Never: Costs are never adjusted automatically when Item entries are posted. A user must manually run this function, or the function must be set up to run automatically on the NAV Job Queue on a pre-defined frequency (nightly).
Day/Week/Month/Quarter/Year: Costs are adjusted if posting occurs within one Day/Week/Month/Quarter/Year from the work date when an Item entry is posted.
Always: Costs are always adjusted when posting, irrespective of the posting date. This will impact the processing time of each transaction “post”, but depending on the size of the NAV database and other infrastructure considerations, this additional time may be imperceptible to the user.
In terms of how often this function needs to be run, it truly only needs to be run prior to running any reports that analyze inventory value or sales profitability. So before running the Inventory Valuation Report, or Customer/Item Statistics Report, or Account Schedules that analyze financial sales, cost of goods sold, and gross profit.
Aren’t my costs always up to date? What is an example where Adjust Cost is needed?
In brief, assume that this function is always required to accurately determine inventory values and costs. While there are many scenarios that require this function for accurate costing and inventory valuation, the example below is a simple example that demonstrates why the functionality of the “Adjust Cost – Item Entries” function is critical to accurate inventory valuation and costing.
NOTE: In this example, the Inventory Setup is defined per the screen shot above (Automatic Cost Adjustment = Never).
A new Item is set up as follows, with Costing Method = FIFO. At this point, the user manually types in $20.00 as the “Unit Cost” on the Item Card as this is the expected cost of this Item. The “Last Direct Cost” field is blank because the Item has not yet been purchased (invoiced).
1. On January 1, we receive and invoice 100 EA of Item No. 75000 at $20.00, resulting the Item Ledger Entry below. The “Unit Cost” on the Item Card is not adjusted and remains at $20.00.
2. On January 15, we receive and invoice an additional 100 EA of Item No. 75000 at $30.00. After this entry is posted, the following Item Ledger Entries exist. The “Unit Cost” on the Item Card is not adjusted and remains at $20.00.
3. On January 16, the “Adjust Cost – Item Entries” function is run. Note below how this function can be run for a specific Item by populating the “Item No. Filter” field or for all Items by leaving this field blank. To automatically generate the related G/L Entries for any cost adjustments created, check the “Post to G/L” box. If you do not check this box, then you must manually run the “Post Cost to G/L” function to post the cost adjustments to the G/L.
The “Unit Cost” field on the Item Card is updated to $25.00.
4. On January 31, a Sales Order for a quantity of 1 EA of Item No. 75000 is entered into NAV.

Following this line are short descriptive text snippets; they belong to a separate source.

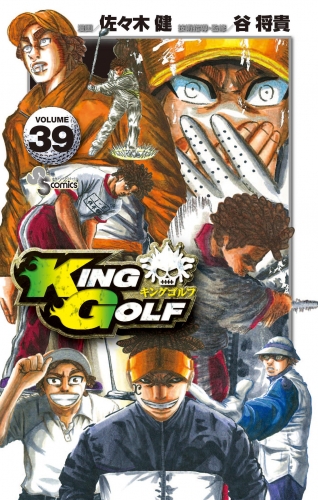 ＫＩＮＧ ＧＯＬＦ 39巻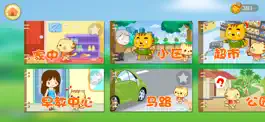 Game screenshot 防拐手册星猫小课堂 mod apk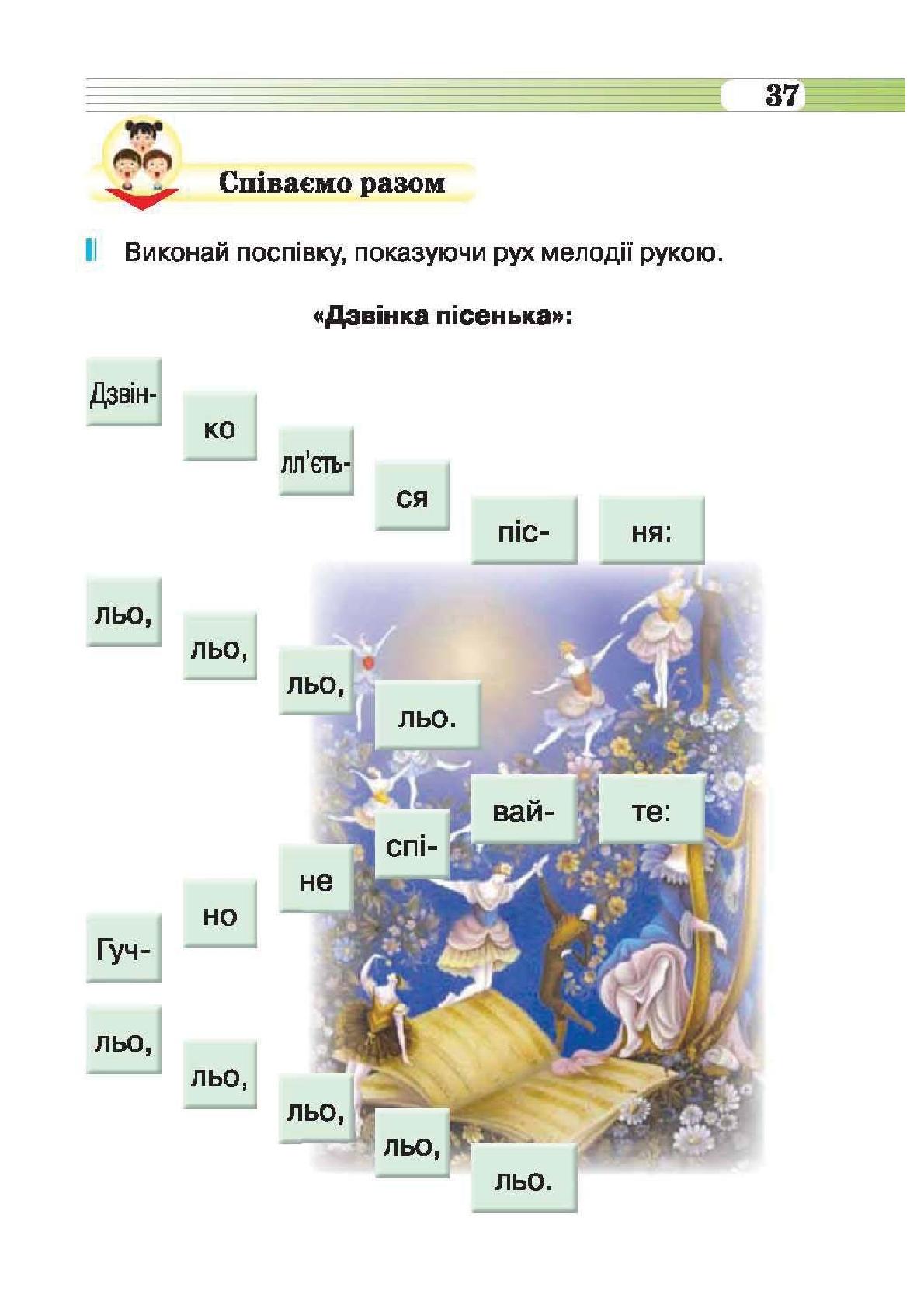 Мініатюра 37
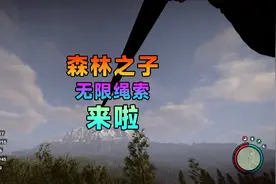 森林之子无限绳索来了！一根绳索连接天南海北！ #steam游戏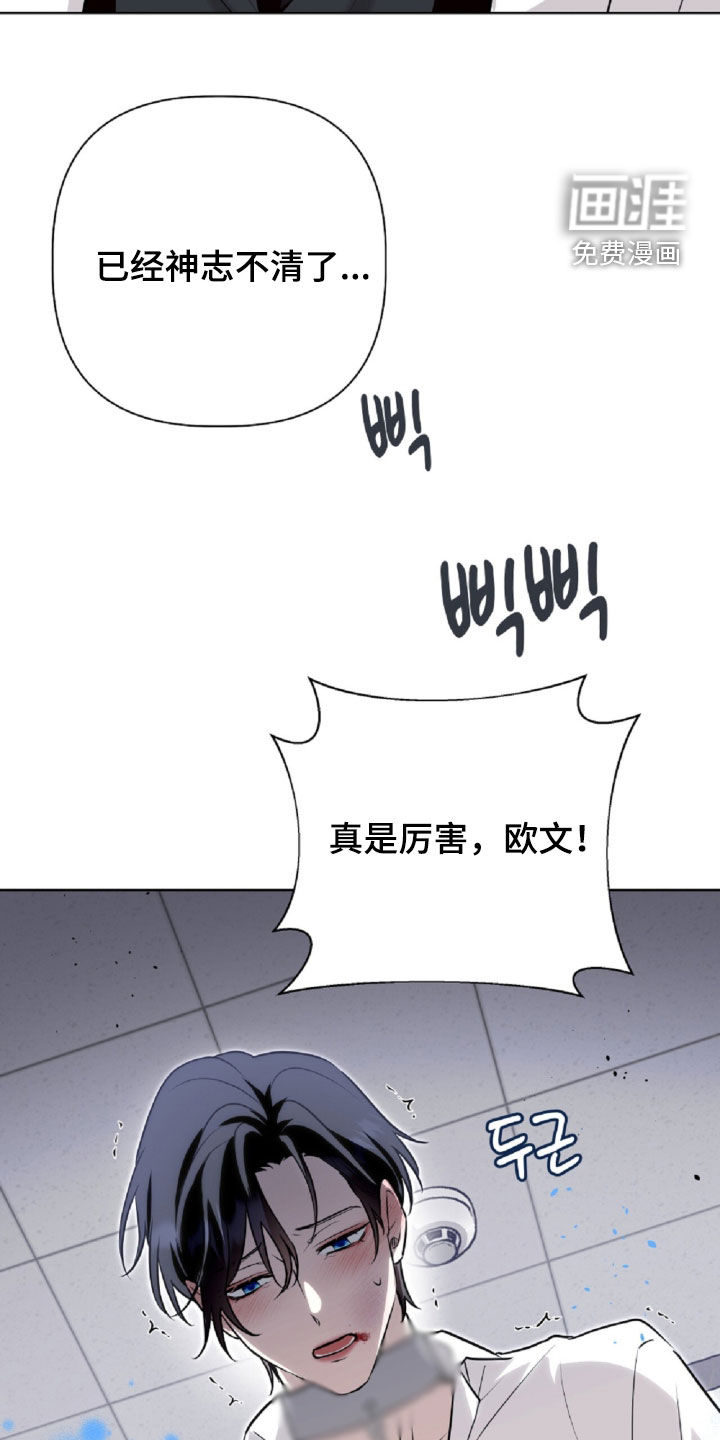 第102话27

Note on the screenshot below that the “Unit Cost” value from the Item Card is populated into the “Unit Cost” field on the Sales Order Line. While this field is typically not displayed on the Sales Order page, this field is populated and is used to store the expected cost because at this point, NAV cannot be sure which specific cost layer will ultimately be shipped and invoiced against this order. The “Unit Cost” from the Item Card is the most accurate estimate of the eventual cost at this point.
Also, on the following “Sales Order Statistics” Page, both the “Original Cost” and “Adjusted Cost” values are based on the “Unit Cost” values on the Sales Order Lines.
On February 1, this sales order for Item No. 75000 is “Shipped”, and then is “Invoiced”. The result is the Posted Sales Invoice below. Note that the “Unit Cost” field on the Invoice Line was copied directly from the Sales Order line.
Additionally, note that the “Original Cost” and “Adjusted Cost” on the Sales Invoice Statistics Page also both remain at $25.00.
The Item Ledger Entries for this Item now appear as follows:
Finally, note that when the “Invoice” post was completed, in addition to the reversal of the “Interim” entries created when the Sales Order was “Shipped”, an entry was created to debit “Cost of Goods Sold” and credit “Inventory” for $25.00.
On February 2, the “Adjust Cost – Item Entries” function is run for all Items. This process will adjust the Item Ledger Entries and G/L Entries so that the cost layers are applied accurately. Let’s review all of the entries again to review how they have been adjusted.
The Item Ledger Entries for Item No. 75000 now appear as follows. Note that the “Cost Amount (Actual)” now accurately reflects the fact that the first cost layer was reduced at a cost of $20.00 (not the original $25.00).
The “Cost Amount (Actual)” value is a flow field that sums up the associated Value Entries. By drilling-down on this field, the original value entry as well as the “Adjustment” entry are visible:
The following G/L Entries were posted during the “Adjust Cost – Item Entries” function to reflect the adjustment of cost against this order:
Furthermore, the Sales Invoice Statistics have also been adjusted to reflect the adjusted cost:
However, note that the “Unit Cost” value on the Sales Invoice line has not been adjusted and continues to reflect the original cost even after running the “Adjust Cost – Item Entries” function. For this reason, it is critical that all sales analysis reports and inquiries link back to the Item Ledger and Value Entries to capture the adjusted costs.
The standard NAV “Adjust Cost – Item Entries” function is critical in ensuring that inventory values and costs are accurate throughout NAV. This function is also very powerful as it enables a variety of scenarios to be processed within NAV that would otherwise not be possible. This demonstration shows why even in a “typical” transaction scenario, this function is a required element to virtually any NAV environment.